(Record set)

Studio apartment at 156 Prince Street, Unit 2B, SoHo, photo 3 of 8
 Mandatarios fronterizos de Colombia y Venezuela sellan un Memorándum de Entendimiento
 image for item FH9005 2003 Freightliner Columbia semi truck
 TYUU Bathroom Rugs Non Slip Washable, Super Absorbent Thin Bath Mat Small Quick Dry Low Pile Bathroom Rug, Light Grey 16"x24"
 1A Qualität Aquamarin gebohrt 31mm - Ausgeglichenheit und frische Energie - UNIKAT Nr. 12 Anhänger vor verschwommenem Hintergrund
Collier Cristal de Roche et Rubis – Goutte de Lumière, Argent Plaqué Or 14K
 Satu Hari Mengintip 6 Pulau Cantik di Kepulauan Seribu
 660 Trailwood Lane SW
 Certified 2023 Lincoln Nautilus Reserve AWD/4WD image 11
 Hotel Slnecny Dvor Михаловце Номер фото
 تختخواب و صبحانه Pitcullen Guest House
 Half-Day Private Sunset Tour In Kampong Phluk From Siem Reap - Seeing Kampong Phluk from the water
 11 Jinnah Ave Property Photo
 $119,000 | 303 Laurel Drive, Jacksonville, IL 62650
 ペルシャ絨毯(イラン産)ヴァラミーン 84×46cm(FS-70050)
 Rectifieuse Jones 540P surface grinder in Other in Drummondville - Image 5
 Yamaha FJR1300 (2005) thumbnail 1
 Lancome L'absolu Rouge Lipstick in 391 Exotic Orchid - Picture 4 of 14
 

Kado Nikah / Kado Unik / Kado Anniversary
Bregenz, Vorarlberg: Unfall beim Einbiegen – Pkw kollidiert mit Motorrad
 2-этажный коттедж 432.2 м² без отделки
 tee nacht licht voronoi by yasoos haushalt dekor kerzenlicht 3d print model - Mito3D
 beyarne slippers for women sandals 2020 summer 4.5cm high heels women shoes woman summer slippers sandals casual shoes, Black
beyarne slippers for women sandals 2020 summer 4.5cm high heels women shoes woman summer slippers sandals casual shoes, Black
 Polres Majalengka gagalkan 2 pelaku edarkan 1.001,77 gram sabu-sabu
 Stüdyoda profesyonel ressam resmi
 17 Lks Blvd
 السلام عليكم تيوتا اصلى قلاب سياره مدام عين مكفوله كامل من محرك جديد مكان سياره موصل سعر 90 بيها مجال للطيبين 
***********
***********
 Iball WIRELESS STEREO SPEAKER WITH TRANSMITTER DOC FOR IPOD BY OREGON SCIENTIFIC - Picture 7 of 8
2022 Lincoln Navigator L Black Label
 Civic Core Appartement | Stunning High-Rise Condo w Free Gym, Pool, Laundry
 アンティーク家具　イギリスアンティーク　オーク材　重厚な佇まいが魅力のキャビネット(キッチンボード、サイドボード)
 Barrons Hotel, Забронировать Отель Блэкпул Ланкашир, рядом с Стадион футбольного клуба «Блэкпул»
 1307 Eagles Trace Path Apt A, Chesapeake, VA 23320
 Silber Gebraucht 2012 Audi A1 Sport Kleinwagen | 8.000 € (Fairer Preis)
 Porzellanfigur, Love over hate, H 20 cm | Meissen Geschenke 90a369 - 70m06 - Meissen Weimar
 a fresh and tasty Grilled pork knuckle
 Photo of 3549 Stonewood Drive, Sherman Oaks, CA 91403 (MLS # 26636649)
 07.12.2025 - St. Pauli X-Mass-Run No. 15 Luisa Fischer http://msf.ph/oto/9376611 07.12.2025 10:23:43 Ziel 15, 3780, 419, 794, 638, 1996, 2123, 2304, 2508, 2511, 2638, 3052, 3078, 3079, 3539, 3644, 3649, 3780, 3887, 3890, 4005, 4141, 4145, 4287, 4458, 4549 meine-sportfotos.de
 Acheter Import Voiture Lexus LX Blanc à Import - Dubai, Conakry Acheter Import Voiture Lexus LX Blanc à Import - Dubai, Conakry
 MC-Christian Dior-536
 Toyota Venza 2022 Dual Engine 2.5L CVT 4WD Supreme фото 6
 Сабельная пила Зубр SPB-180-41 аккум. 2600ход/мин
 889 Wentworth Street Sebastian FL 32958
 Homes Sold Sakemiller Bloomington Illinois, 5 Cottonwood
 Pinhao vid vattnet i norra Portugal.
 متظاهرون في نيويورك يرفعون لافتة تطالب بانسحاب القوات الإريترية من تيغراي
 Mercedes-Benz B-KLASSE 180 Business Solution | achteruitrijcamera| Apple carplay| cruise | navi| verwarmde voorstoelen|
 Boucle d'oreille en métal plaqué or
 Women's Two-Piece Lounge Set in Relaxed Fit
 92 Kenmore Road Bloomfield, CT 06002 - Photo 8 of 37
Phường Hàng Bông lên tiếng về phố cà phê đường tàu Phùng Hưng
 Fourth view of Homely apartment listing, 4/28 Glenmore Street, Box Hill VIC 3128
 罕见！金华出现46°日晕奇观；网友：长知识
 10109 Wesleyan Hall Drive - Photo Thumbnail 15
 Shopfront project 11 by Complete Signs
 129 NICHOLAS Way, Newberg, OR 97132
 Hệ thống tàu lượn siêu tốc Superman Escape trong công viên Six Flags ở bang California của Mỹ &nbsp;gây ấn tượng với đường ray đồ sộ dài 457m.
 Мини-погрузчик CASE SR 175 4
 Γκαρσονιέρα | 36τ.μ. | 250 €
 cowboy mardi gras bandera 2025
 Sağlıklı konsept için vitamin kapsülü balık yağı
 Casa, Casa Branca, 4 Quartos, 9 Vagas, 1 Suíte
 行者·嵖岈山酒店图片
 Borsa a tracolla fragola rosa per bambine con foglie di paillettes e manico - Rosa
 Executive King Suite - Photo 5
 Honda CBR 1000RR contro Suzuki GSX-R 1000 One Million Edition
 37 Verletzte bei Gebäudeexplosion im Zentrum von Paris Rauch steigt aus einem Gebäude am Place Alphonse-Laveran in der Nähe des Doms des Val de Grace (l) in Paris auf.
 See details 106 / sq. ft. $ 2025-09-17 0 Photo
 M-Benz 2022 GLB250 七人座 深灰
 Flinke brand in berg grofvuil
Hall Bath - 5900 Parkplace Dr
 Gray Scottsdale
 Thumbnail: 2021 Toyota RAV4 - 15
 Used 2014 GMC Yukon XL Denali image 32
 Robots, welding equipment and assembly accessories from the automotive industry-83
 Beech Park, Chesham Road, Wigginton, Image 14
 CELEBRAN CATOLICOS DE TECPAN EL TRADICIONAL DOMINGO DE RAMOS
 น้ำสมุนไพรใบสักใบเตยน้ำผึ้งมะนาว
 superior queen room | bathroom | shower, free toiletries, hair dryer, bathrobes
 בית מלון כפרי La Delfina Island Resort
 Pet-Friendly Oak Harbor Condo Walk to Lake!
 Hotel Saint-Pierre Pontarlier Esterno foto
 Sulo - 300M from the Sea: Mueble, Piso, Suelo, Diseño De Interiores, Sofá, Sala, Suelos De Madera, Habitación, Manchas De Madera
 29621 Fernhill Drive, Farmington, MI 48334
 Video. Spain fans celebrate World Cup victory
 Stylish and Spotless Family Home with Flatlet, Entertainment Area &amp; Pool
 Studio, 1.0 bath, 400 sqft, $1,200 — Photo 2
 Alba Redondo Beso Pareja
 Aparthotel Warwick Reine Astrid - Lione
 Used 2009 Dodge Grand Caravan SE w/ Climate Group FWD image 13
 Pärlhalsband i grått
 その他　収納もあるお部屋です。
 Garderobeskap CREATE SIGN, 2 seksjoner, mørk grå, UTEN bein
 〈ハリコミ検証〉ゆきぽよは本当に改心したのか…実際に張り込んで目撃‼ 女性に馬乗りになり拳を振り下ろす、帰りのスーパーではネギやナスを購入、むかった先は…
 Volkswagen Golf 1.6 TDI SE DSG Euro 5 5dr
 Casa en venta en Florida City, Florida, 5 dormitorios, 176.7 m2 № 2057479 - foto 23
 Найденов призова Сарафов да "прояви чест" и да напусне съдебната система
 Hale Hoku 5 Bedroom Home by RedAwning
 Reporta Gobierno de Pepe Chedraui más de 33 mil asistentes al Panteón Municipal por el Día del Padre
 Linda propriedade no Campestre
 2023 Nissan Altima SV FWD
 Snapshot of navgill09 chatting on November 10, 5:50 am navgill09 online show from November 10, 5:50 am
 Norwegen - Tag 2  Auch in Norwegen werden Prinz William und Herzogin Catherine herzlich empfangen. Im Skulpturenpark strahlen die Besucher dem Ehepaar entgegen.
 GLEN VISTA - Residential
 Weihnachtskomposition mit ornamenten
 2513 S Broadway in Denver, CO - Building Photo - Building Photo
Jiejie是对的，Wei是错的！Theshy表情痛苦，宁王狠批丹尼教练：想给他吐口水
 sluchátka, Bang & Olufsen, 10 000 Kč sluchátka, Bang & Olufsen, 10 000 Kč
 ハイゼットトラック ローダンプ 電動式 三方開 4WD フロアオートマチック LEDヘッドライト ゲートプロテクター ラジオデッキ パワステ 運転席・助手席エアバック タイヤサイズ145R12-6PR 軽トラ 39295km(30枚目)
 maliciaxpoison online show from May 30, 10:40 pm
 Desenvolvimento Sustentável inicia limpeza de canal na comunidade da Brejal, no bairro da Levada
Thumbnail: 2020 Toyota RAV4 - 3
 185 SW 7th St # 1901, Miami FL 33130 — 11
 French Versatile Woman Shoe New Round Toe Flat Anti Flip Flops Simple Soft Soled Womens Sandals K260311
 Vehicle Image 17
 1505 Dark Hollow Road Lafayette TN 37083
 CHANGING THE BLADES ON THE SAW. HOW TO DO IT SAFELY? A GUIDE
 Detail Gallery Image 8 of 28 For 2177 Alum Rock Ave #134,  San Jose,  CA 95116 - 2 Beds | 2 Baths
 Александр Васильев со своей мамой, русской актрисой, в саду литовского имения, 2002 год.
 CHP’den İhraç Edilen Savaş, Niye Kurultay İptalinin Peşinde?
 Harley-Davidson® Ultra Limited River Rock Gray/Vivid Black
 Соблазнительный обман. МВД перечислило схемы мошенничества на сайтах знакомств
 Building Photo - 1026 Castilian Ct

(End Record set)

:: Exercise prompt ::
If a line falls between the first line of the entries and the line containing "Yamaha FJR1300 (2005) thumbnail 1", or is one of those two, restate it word for word; leave all other lines out.

:: Result of the exercise ::
Studio apartment at 156 Prince Street, Unit 2B, SoHo, photo 3 of 8
 Mandatarios fronterizos de Colombia y Venezuela sellan un Memorándum de Entendimiento
 image for item FH9005 2003 Freightliner Columbia semi truck
 TYUU Bathroom Rugs Non Slip Washable, Super Absorbent Thin Bath Mat Small Quick Dry Low Pile Bathroom Rug, Light Grey 16"x24"
 1A Qualität Aquamarin gebohrt 31mm - Ausgeglichenheit und frische Energie - UNIKAT Nr. 12 Anhänger vor verschwommenem Hintergrund
Collier Cristal de Roche et Rubis – Goutte de Lumière, Argent Plaqué Or 14K
 Satu Hari Mengintip 6 Pulau Cantik di Kepulauan Seribu
 660 Trailwood Lane SW
 Certified 2023 Lincoln Nautilus Reserve AWD/4WD image 11
 Hotel Slnecny Dvor Михаловце Номер фото
 تختخواب و صبحانه Pitcullen Guest House
 Half-Day Private Sunset Tour In Kampong Phluk From Siem Reap - Seeing Kampong Phluk from the water
 11 Jinnah Ave Property Photo
 $119,000 | 303 Laurel Drive, Jacksonville, IL 62650
 ペルシャ絨毯(イラン産)ヴァラミーン 84×46cm(FS-70050)
 Rectifieuse Jones 540P surface grinder in Other in Drummondville - Image 5
 Yamaha FJR1300 (2005) thumbnail 1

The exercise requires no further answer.